Life was a routine; launderette on Mondays, library on Tuesdays, hairdresser on Fridays, visits from my father, little brother and myself on Sunday mornings. For we children, the payback for the fun of a ride on a bus and then the Underground was to sit in the corner on a sofa for 2 hours with a glass of lemonade (“only one glass, there’s no toilets on buses and the Tube!”) and a couple of biscuits, not speaking until spoken to, because to interrupt an adult would be bad manners. My brother moaned and groaned and wriggled; I soon realised that by sitting and listening, much could be learned about my family, and enjoyed the stories and reminiscences they shared, whilst trying not to react to them – because eavesdropping was worse than interrupting an adult!
One Sunday morning in July 1969, aged 8, a ‘treat’ had been purchased for me from that week’s pension pennies and was placed on my allotted seat awaiting my arrival – a child’s magazine called ‘The Princes of Wales’. It was a commemorative edition of a weekly general knowledge magazine for children, sold on the back of the impending Investiture of Prince Charles to that rank. Every schoolchild in the country had been given permission to watch this Investiture on their school’s television (one television per school in those days, and black and white, no colour!) so we had been preparing for the event which we understood vaguely was a significant step towards Prince Charles becoming King. The magazine, sitting on the sofa, seemed to be a history of all the previous Princes of Wales – one story per page, illustrated with a fairly dramatic picture of a key event. Flipping through the booklet, my eyes were drawn to a chart on the inside front cover, depicting “The Family Tree of the House of Windsor.” On a background of mock parchment, written in italics, was what appeared to be a chart showing how Prince Charles and his siblings could trace their family all the way back to William the Conqueror in 1066. Every schoolchild knew about William the Conqueror, how he had sailed across the English Channel, shot King Harold in the eye at Hastings and rampaged across our country killing locals as he went, before claiming the land as his own and building castles all over the place. (The teaching of history has changed a lot since those days!)

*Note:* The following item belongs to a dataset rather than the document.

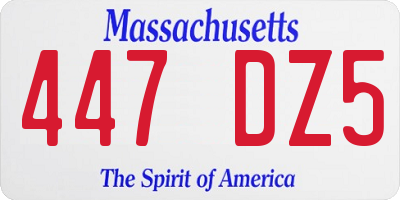MA license plate 447DZ5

Looking at this “family tree,” a thought struck me. If Prince Charles had a family tree, then our family must have one too. Where was it? Maybe I could take it into school to show to my teacher and classmates. Nan had a collection of old newspapers she had saved over the years, each depicting a significant event in history : “The King Is Dead,” “Abdication,” “War Declared,” “D-Day,” “Everest Conquered,” “Man Walks On the Moon.” She also possessed the only photo album known to exist in the family, a viewing of which was a reward for good behaviour. I realise now it was the work of a woman who had sent her sweetheart to war once, and then her husband and all her children some 20 years later. She would work her way through the album, precious photo by photo, telling me stories of the people in the picture. If anyone knew where our family tree was, Nan would.
Waiting for a break in conversation stretched my patience to the limit. Finally it came.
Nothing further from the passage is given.